GLENN: You guys should be ashamed of yourself. You should be ashamed of yourself.
PAT: It's nothing but a leftwing hatchet job.
GLENN: I mean, it's amazing.
STU: There are some good examples there if you want to really understand in a nutshell how these people do these reports.
GLENN: Yeah.
STU: It's very specific. This is how they do it. A great example here.
GLENN: Let's go.
PAT: Go through it.
GLENN: This is case study of hatchet jobs. Here it is.
VOICE: There's a lot of emotions swirling over this issue. Remember it wasn't so long ago that Glenn Beck called President Obama a racist.

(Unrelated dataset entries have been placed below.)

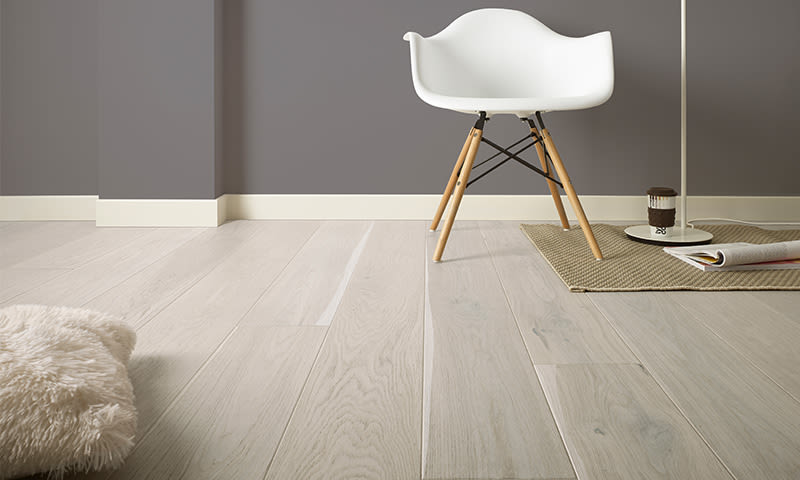 Minimalistisk interiør: lys eikegulv, grå vegg, hvit stol, gulvlampe, teppe med kaffekopp.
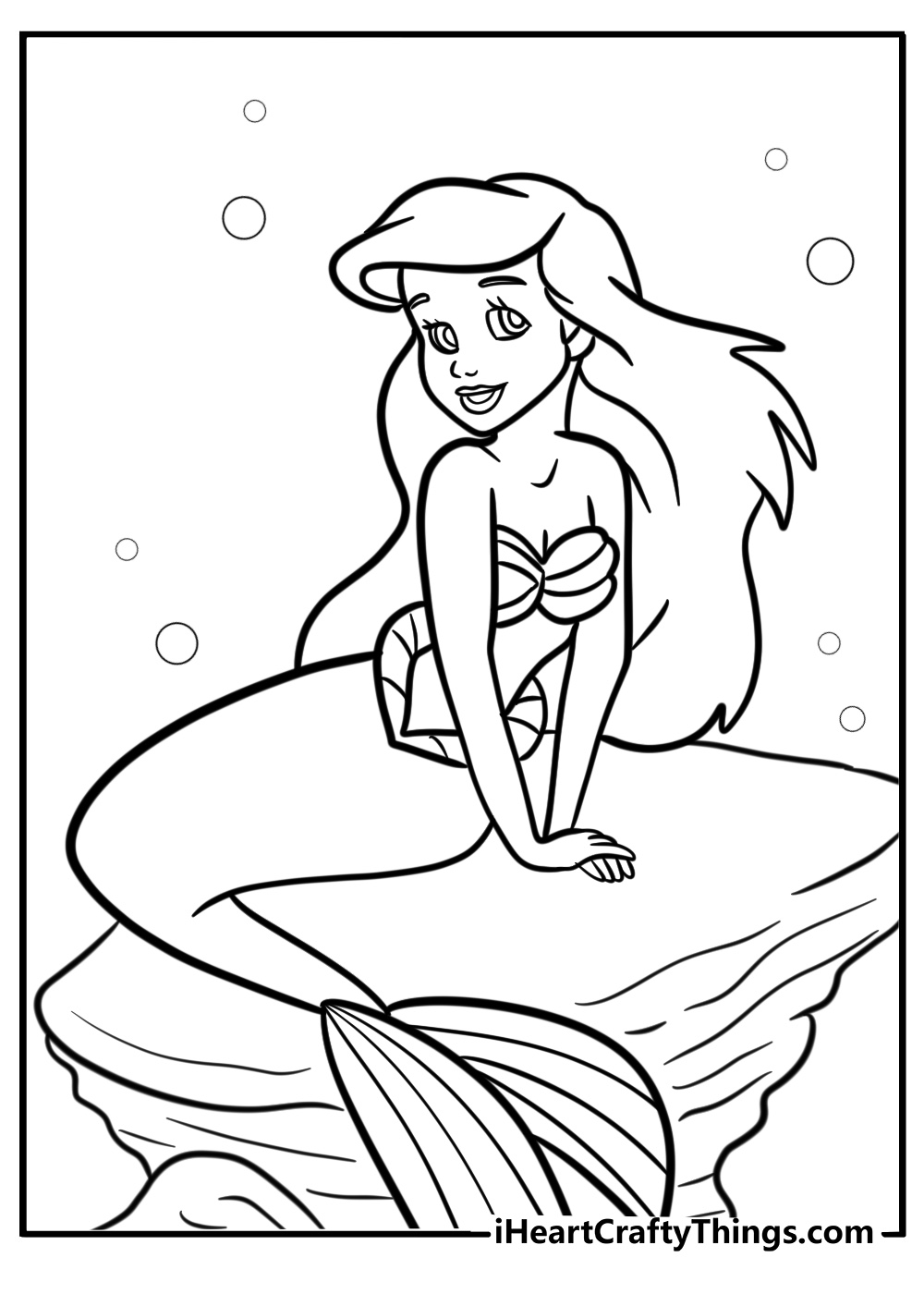 Ariel sitting on a rock free coloring page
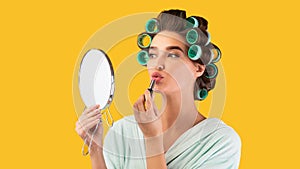 Housewife Putting On Lipstick Holding Mirror Over Yellow Background, Panorama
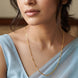 A close-up of a woman wearing a delicate gold chain necklace with a figure-eight pattern, styled with a light blue draped top.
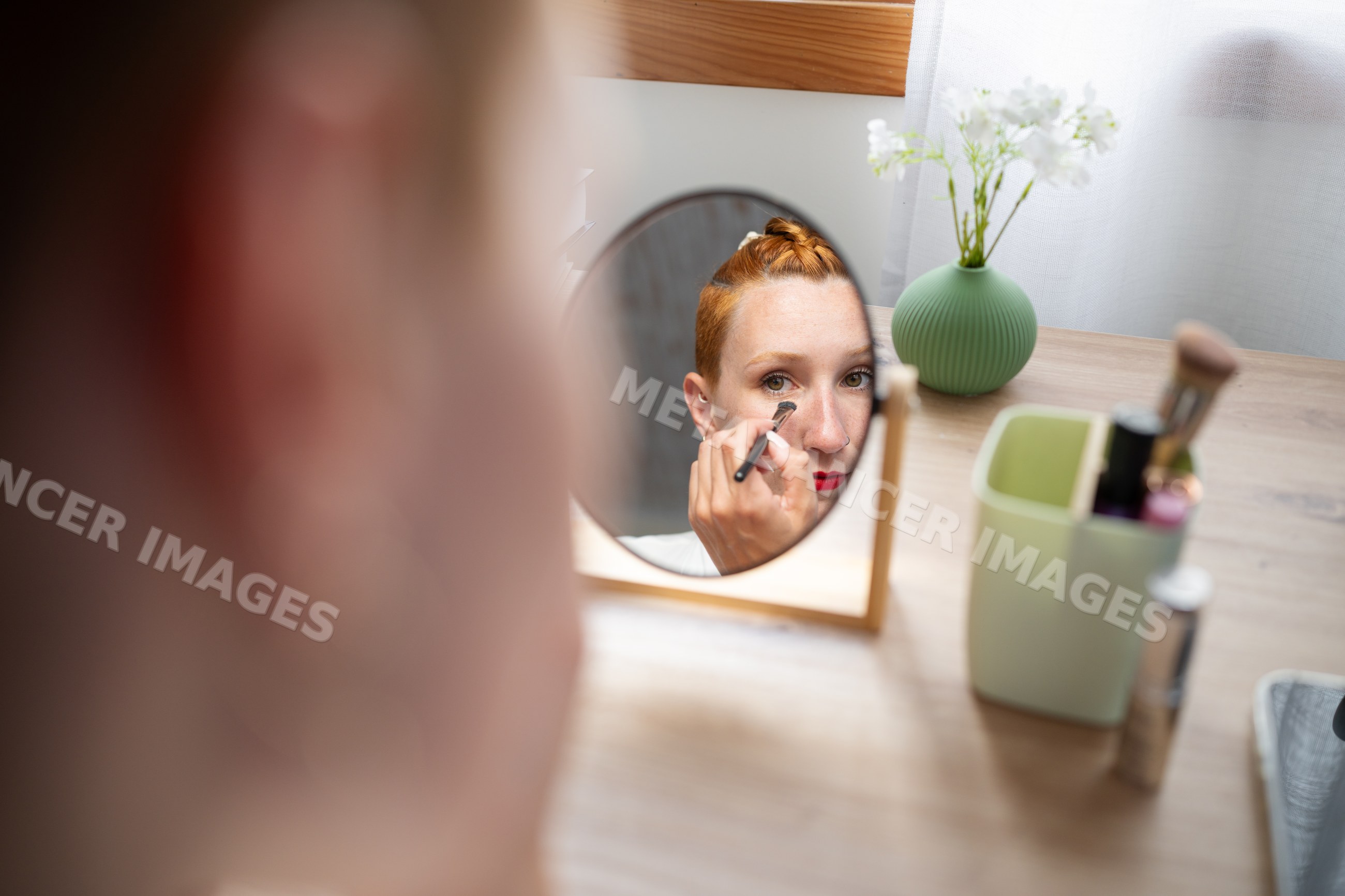 A white woman applies makeup at home in Galicia, Spain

So his choice of timing to hold his rally here tomorrow, a surprise to say the least.
PAT: For whom? First of all, it was almost a year ago.
STU: It was more than a year ago.
GLENN: More than a year ago.
PAT: More than a year ago. So it was quite a while ago, Hon, and it's been covered over and over.
GLENN: Huh?
PAT: A Hon or a Puddin'.
STU: Yeah.
PAT: It's been over a year, Puddin'. Seriously.
STU: Seriously.
PAT: Get over it.
GLENN: No, wait. We've already talked about it. We've addressed it.
PAT: We've addressed it a million times. Thousands of reasons.
GLENN: A million times.
STU: Thousands of hours of broadcast since that comment.
PAT: We've gone over the reasons for saying it then, you've changed your position a little bit now because you said
GLENN: Well, no, no.
PAT: You've learned more about him.
GLENN: I've learned more about him.
PAT: Yes.
GLENN: And it's not it's just not out of the hand race. That's not what he does. He sees America as an oppressor. It is his liberation theology that leads him to make the decision.
PAT: Where do you get that he's a liberation theologist?
GLENN: Definitely not from the Christian Science Monitor but from his own churches.
PAT: Like what? What evidence do you have that he's ever even heard liberation theology?
GLENN: The words that he said, the fact that he said in several speeches, the fact that he sat there for 20 years, that all of the preachers around him
PAT: His liberation theology church.
GLENN: Yeah. All the preachers that are around him and that have advised him are liberation theology guys. But other than that
PAT: Pfleger, Jeremiah Wright, we suspect Jim Wallis has some of that going on.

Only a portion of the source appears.